Think again, rethink, lift the thought level, give a mate a go.

That which is history is past. Opportunity to think is present.

Take a small example, as of deafness and achieved in India.

"Last week, Sarah Sunny made history after she became India's first deaf lawyer to argue in the country's Supreme Court. The Supreme Court's move has given a voice to the deaf," she said. "The court has set an example for other offices to follow as well."

A week ago I spoke with MP Peter Dutton and he heard me offer the word 'inclusion' in respect of Australians' vote on The Voice. He must have heard for he graciously thanked me for my speaking.

As a person with less than optimal hearing ability, I have experience of persuading a North Queensland court in the matter of understanding on interpretation of a town plan.

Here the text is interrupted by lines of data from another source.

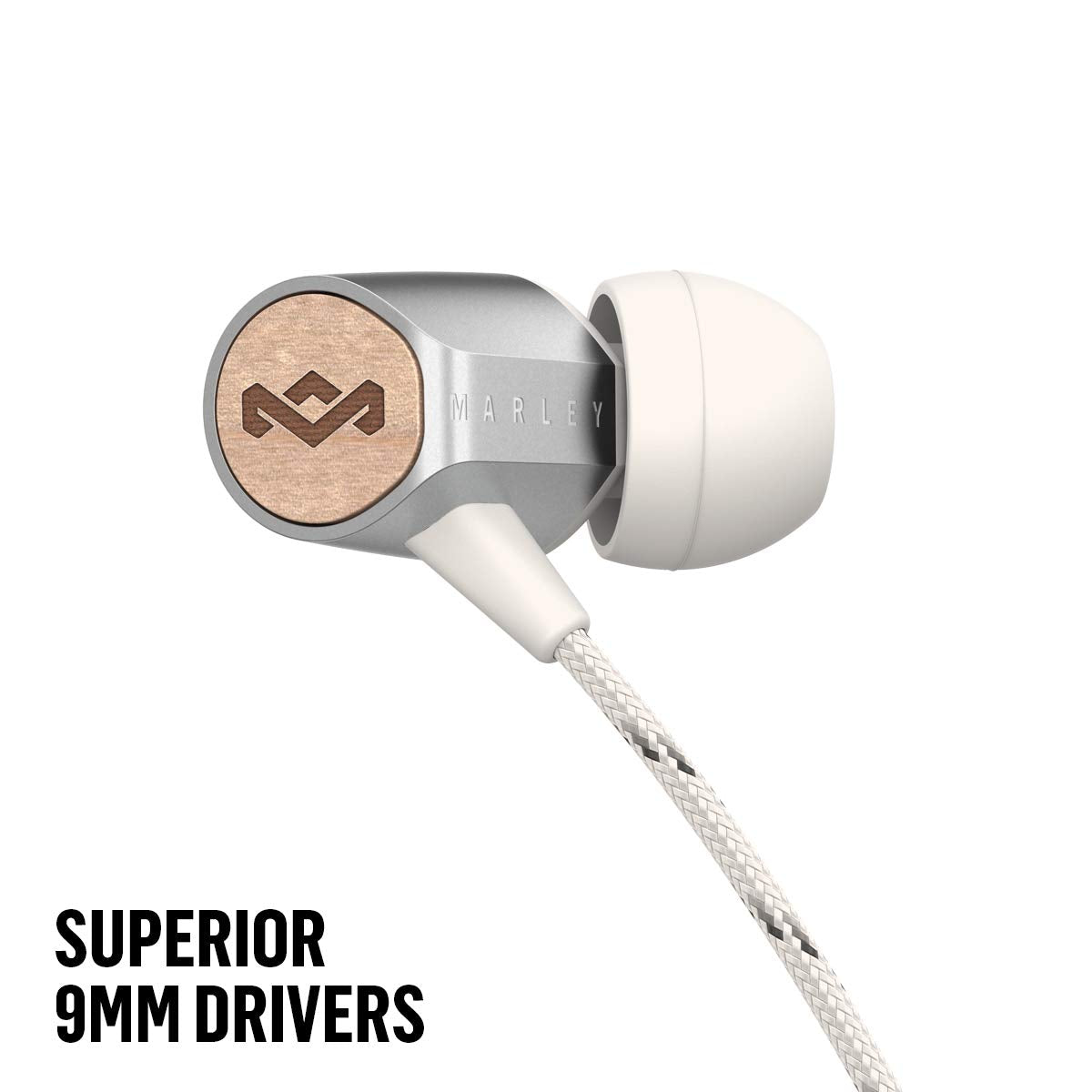 House of Marley Uplift 2.0 Noise Isolating in-Ear Headphones, 9 mm Driver, Microphone, 1 Button Control, Sustainable Materials, Various Ear Plug…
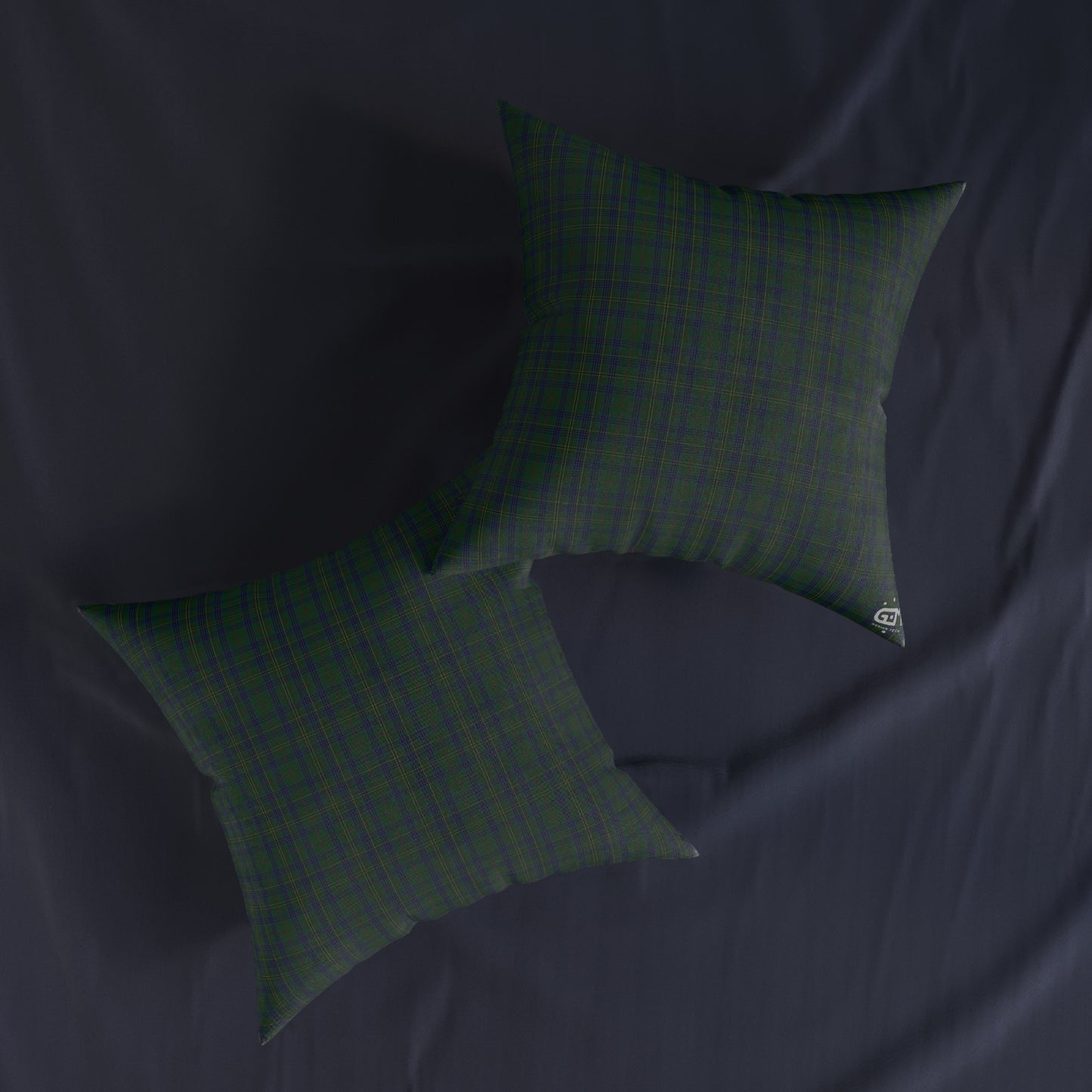 Coussin Carré Réversible : Kennedy Tartan, Différentes Tailles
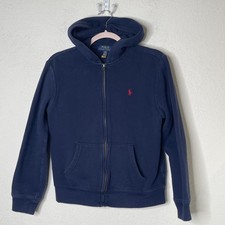 Polo Ralph Lauren Zip Up Hoodie Boys Sz L 14-16 Blue Pony Logo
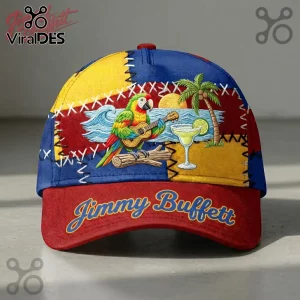 Jimmy Buffett Tropical Parrot Patchwork Baseball Cap featuring a macaws, guitar, and cocktail on blue, yellow, and red panels.
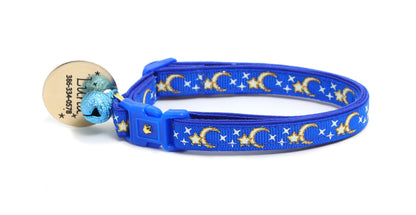 Gold Moons and Stars on Royal Blue Cat Collar-7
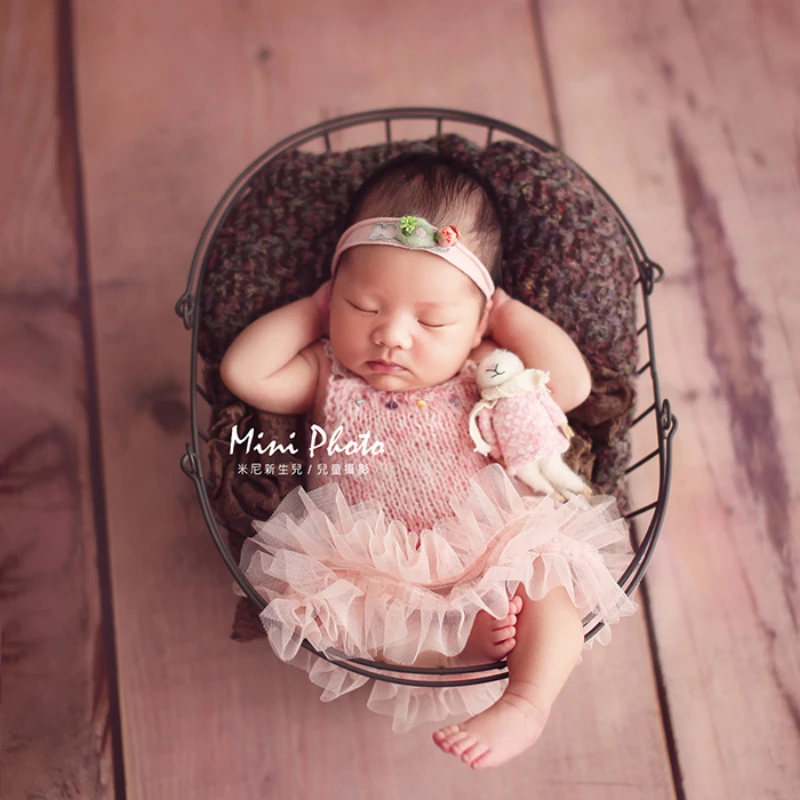 Pink purple baby cake dress princess mohair soft dress newborn photography prop recem nascido  아기 코스프레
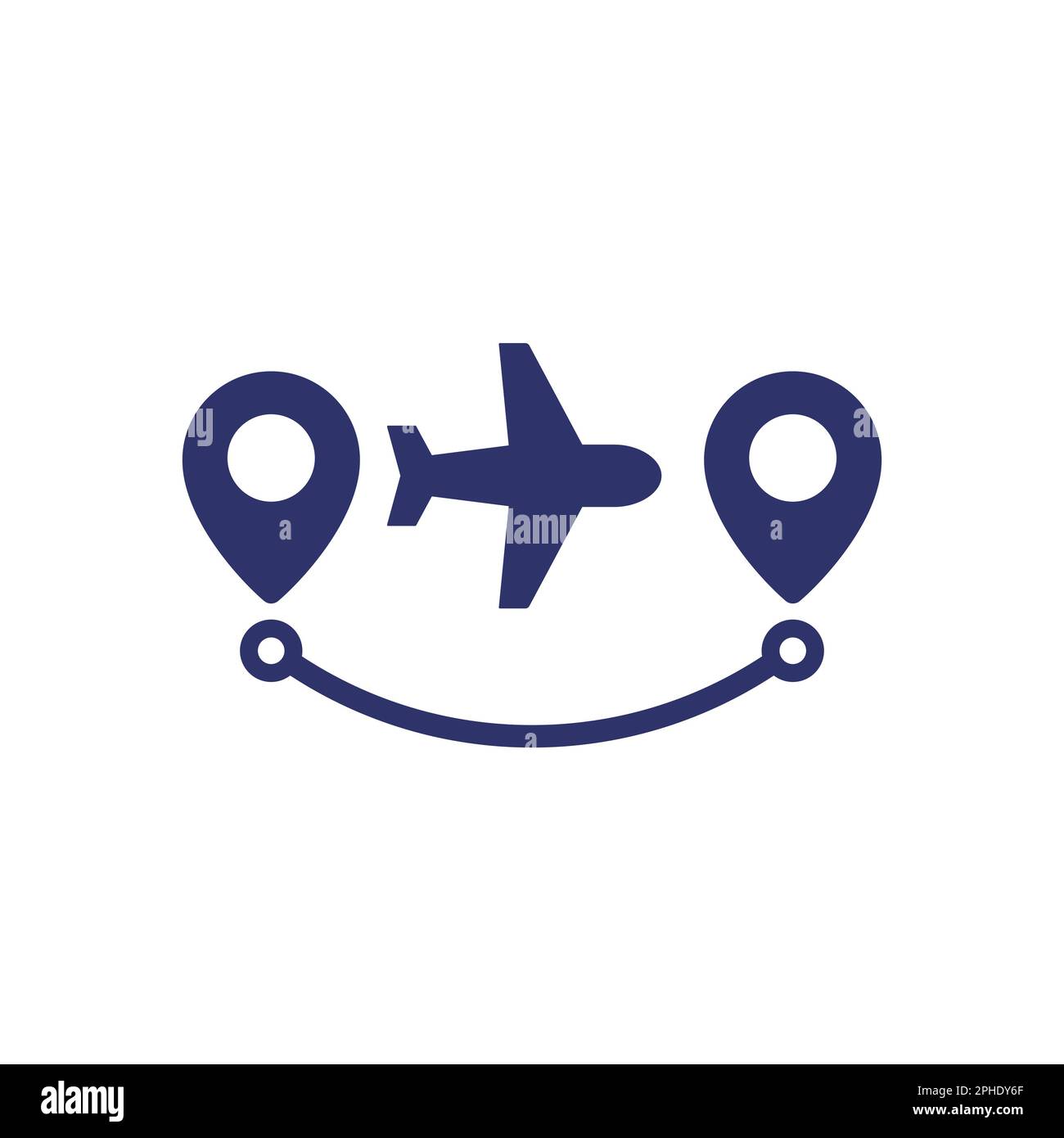Icône d'itinéraire de vol avec un avion Illustration de Vecteur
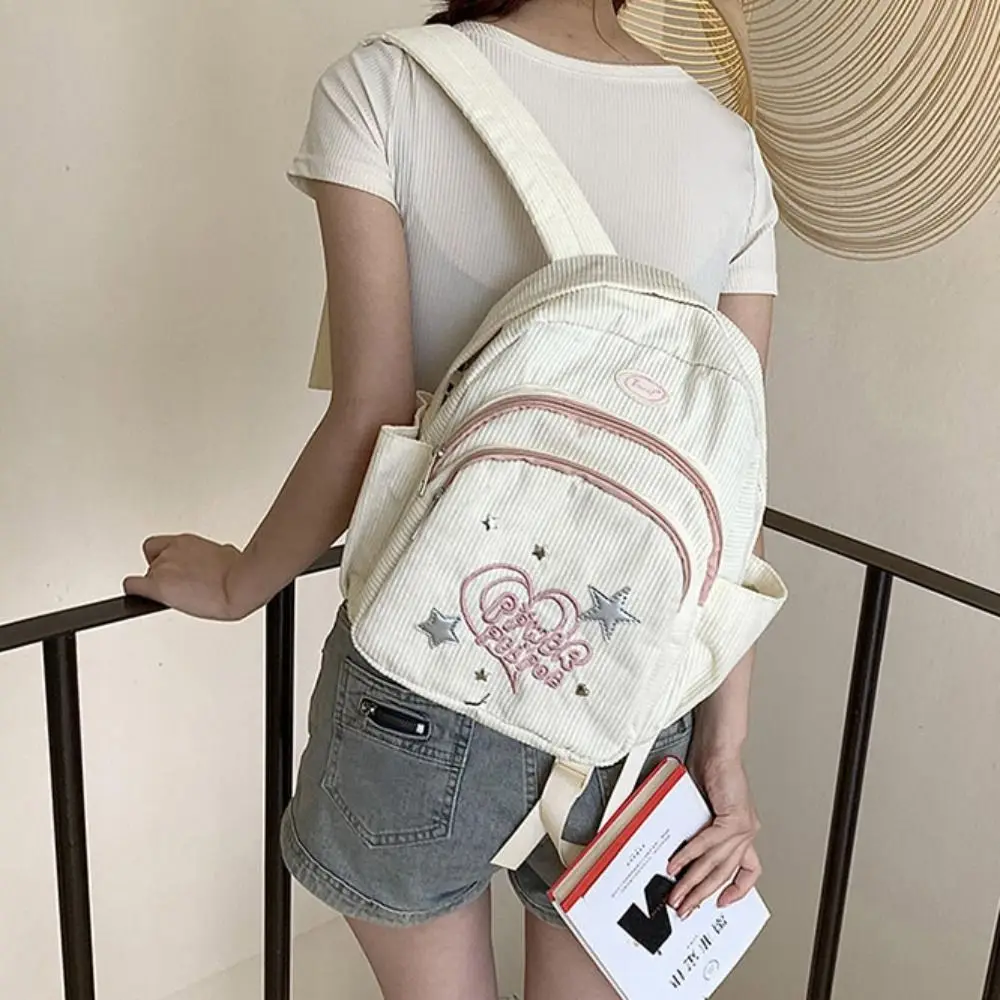 Small Pack Corduroy Backpack Korean Style Solid Color Star Love Shoulder Bag Multiple Pockets Fitness Casual Backpack Gift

It caused the judge to require two legal teams to take note.

A voice to be heard requires some equity of receptivity of understanding beyond measure of aural impact.

William Dunlop

Alboised Version of Blind Man's Bluff?

Philip Fitzpatrick

Many people, but notably Australian prime minister John Howard, have made the assertion that we are not responsible for the sins of our fathers when it comes to the past treatment of Indigenous Australians.

We Europeans have a bloody colonial history and, even though we might not have a direct connection nor any personal responsibility for what happened, it still seems to sit on our shoulders.

It’s not so much guilt but an uneasiness, especially in our relationships with our First Nations’ people who are descended from populations subjected to our ancestors' brutalities.

Some of those people no doubt fear that, given the right circumstances, the Whites' sense of superiority - innate and fixed - could again rear its ugly head.

Whether that be true or not, it is worth noting that brutal colonialism and discrimination wasn’t necessarily a Black and White phenomenon, just ask someone from Ireland who lived in England or Australia at the time of 'the Troubles'.

Also worth considering is modern day neo-colonialism where poorer countries are subjugated economically and socially by wealthy superpowers.

Colonialism is not dead, it has morphed into a new form and could do so again.

While we may not carry the stain of guilt about the actions of our ancestors, we cannot blithely disown that part of our history nor easily dismiss the hurt and fear it has carried into the present.

Showing concern for this experience is not something to be ashamed about. Neither is acting positively on that concern next Saturday by voting Yes.